Post Mortem : Réda Dalil, un « Prince du journalisme »…

Par Hassan Alaoui

Nous le savions certes souffrant, et aussi avec quel courage et force, il luttait contre la maudite maladie, nous le savions tenace à l’adversité, tenant bon, luttant contre lui-même, mais nous n’imaginions nullement qu’il allait nous quitter aussitôt et si vite. Réda Dalil est décédé ! Ainsi d’une phrase lapidaire, comme un soliloque chacun de nous s’est subitement fait à cette réalité brutale, tombée sur nos têtes comme un infaillible couperet, violent et choquant…

Où sont désormais cette allure à l’élégance inouïe, le port vestimentaire distingué, la stylistique recherchée qui transpire dans les beaux textes qu’il n’a eu de cesse de nous livrer, à tous moments et en toutes circonstances, prenant avec délicatesse parti sans vraiment le prendre, ouvrant pour nous des sentiers inédits d’un journalisme que sa plume, à peine acérée parfois, mais vive et séduisante nous offrait.

Où est cette nature douce d’un homme que j’ai connu et suivi et dont la voix – même coléreuse – ne franchissait jamais la moitié du mètre alentour, si pudique, si discret et jamais arrogant pour un sou, voluptueux propos dont la constance est une conviction chevillée au corps chez lui, que la vérité n’est jamais unilatérale et le monde est fait de nuances. Notamment dans ce domaine si périlleux qui est le nôtre, celui de la presse.

Où est encore et que nous resterait-il de ce personnage balzacien si brillant qui incarnait la vertu de notre métier et à l’inverse, l’opposé d’un journalisme couché. Ne cédant qu’à ses convictions chevillées au corps et à sa propre conscience jetée sur les pavés de l’impossible et inaccessible vérité. A la fois éclaireur et acteur, dans la mêlée certes, mais sur les hauteurs d’un théâtre avec parfois un ostentatoire esprit critique, tout en douce vigilance. Réda – je le lui ai dit d’ailleurs – me rappelle Albert Londres, ce monument du journalisme qui avait inventé cette formule si célèbre que nous placions volontiers sur les fonts baptismaux de notre exercice quotidien : « Notre métier n’est pas de faire plaisir, non plus de faire du tort, il est de porter la plume dans la plaie en mettant dans la balance son crédit, son honneur, sa vie » ! Comme l’apophtegme final, cette phrase ne laissera jamais de nous surprendre, de nous réveiller et Réda Dalil l’a faite sienne en vérité. Le directeur de publication de « Tel Quel » en a probablement usé, mais jamais avec le penchant abusé du destructeur ou du contempteur en quête de nombrilisme. Il était par trop consciencieux des enjeux, quand bien même la tentation de l’audace voire de la provocation le chatouillait un tant soit peu.

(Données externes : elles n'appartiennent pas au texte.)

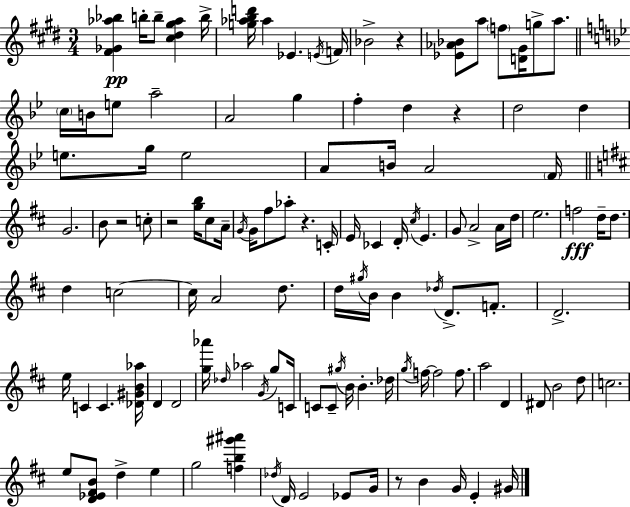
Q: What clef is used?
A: treble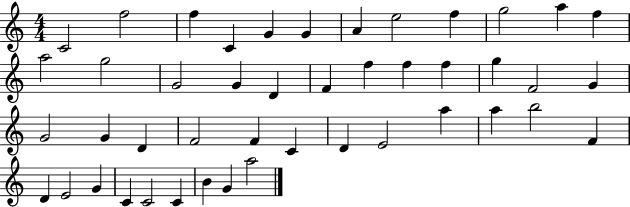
C4/h F5/h F5/q C4/q G4/q G4/q A4/q E5/h F5/q G5/h A5/q F5/q A5/h G5/h G4/h G4/q D4/q F4/q F5/q F5/q F5/q G5/q F4/h G4/q G4/h G4/q D4/q F4/h F4/q C4/q D4/q E4/h A5/q A5/q B5/h F4/q D4/q E4/h G4/q C4/q C4/h C4/q B4/q G4/q A5/h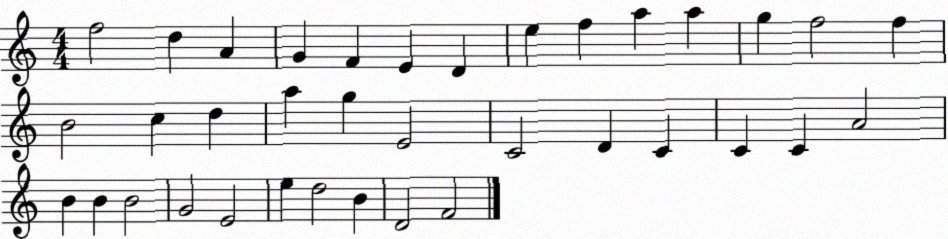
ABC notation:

X:1
T:Untitled
M:4/4
L:1/4
K:C
f2 d A G F E D e f a a g f2 f B2 c d a g E2 C2 D C C C A2 B B B2 G2 E2 e d2 B D2 F2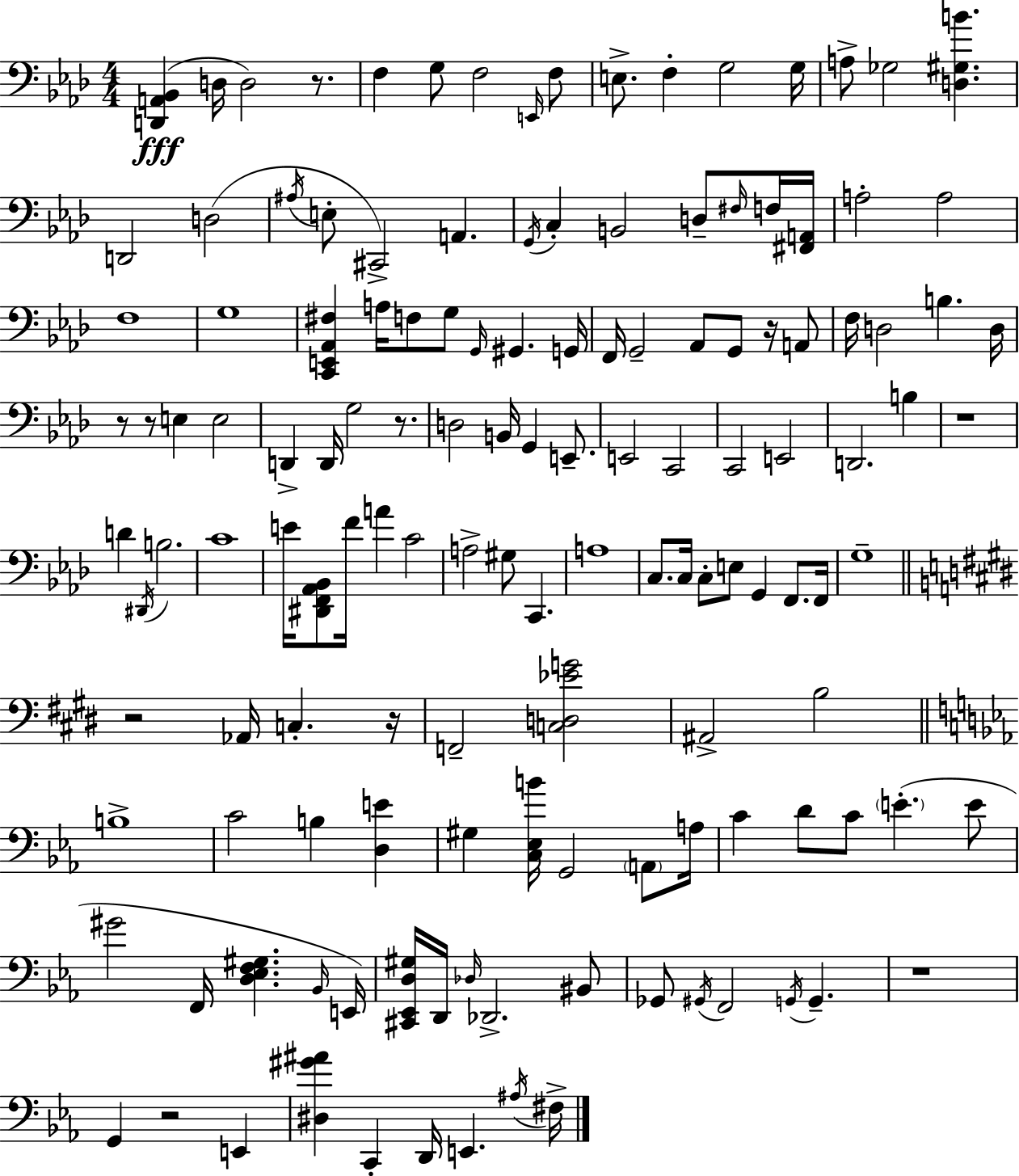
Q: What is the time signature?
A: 4/4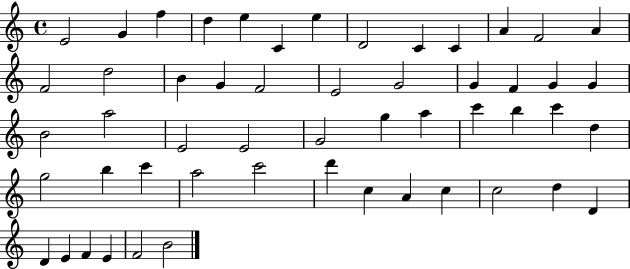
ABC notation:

X:1
T:Untitled
M:4/4
L:1/4
K:C
E2 G f d e C e D2 C C A F2 A F2 d2 B G F2 E2 G2 G F G G B2 a2 E2 E2 G2 g a c' b c' d g2 b c' a2 c'2 d' c A c c2 d D D E F E F2 B2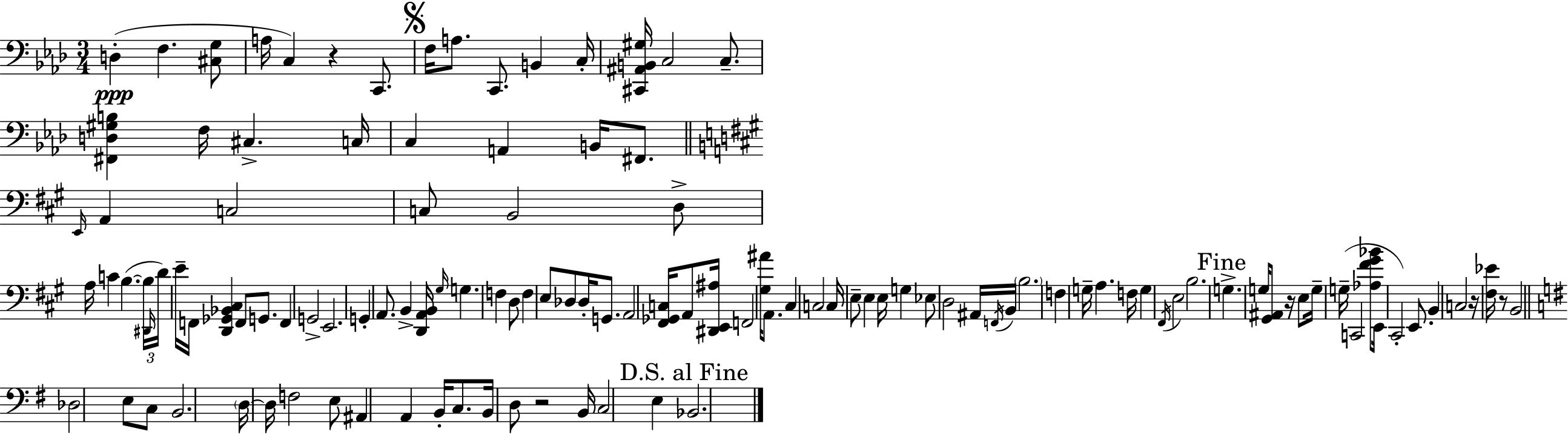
X:1
T:Untitled
M:3/4
L:1/4
K:Fm
D, F, [^C,G,]/2 A,/4 C, z C,,/2 F,/4 A,/2 C,,/2 B,, C,/4 [^C,,^A,,B,,^G,]/4 C,2 C,/2 [^F,,D,^G,B,] F,/4 ^C, C,/4 C, A,, B,,/4 ^F,,/2 E,,/4 A,, C,2 C,/2 B,,2 D,/2 A,/4 C B, B,/4 ^D,,/4 D/4 E/4 F,,/4 [D,,_G,,_B,,^C,] F,,/2 G,,/2 F,, G,,2 E,,2 G,, A,,/2 B,, [D,,A,,B,,]/4 ^G,/4 G, F, D,/2 F, E,/2 _D,/2 _D,/4 G,,/2 A,,2 [^F,,_G,,C,]/4 A,,/2 [^D,,E,,^A,]/4 F,,2 [^G,^A]/4 A,,/2 ^C, C,2 C,/4 E,/2 E, E,/4 G, _E,/2 D,2 ^A,,/4 F,,/4 B,,/4 B,2 F, G,/4 A, F,/4 G, ^F,,/4 E,2 B,2 G, G,/4 [^G,,^A,,]/2 z/4 E,/2 G,/4 G,/4 C,,2 [_A,^F^G_B]/2 E,,/4 ^C,,2 E,,/2 B,, C,2 z/4 [^F,_E]/4 z/2 B,,2 _D,2 E,/2 C,/2 B,,2 D,/4 D,/4 F,2 E,/2 ^A,, A,, B,,/4 C,/2 B,,/4 D,/2 z2 B,,/4 C,2 E, _B,,2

Les jeunes journalistes tentés par l’expérience de ce « fichu » métier en prendraient de la graine et d’abord la discipline quotidienne, l’implacable rigueur, la redoutable déontologie qui , comme l’épée de Damoclès, nous pend au nez, pour nous rappeler que le journalisme qui est la vie – comme disait un certain Jacques Fauvet – c’est le respect des autres, l’impératif de penser contre soi, l’irrépressible règle de l’humilité et l’objectivité n’existe pas, mais seulement un effort vers l’honnêteté .

La présence de Réda Dalil à « Tel Quel » aura été néanmoins marquante, tant et si bien que cette revue en restera quelque peu orpheline, mais son ombre y demeurera comme un phare, une sorte de sémaphore.

L’équipe de « Maroc diplomatique » présente ses condoléances attristées à Si Abdelkader Dalil, son père ainsi qu’à toute la famille.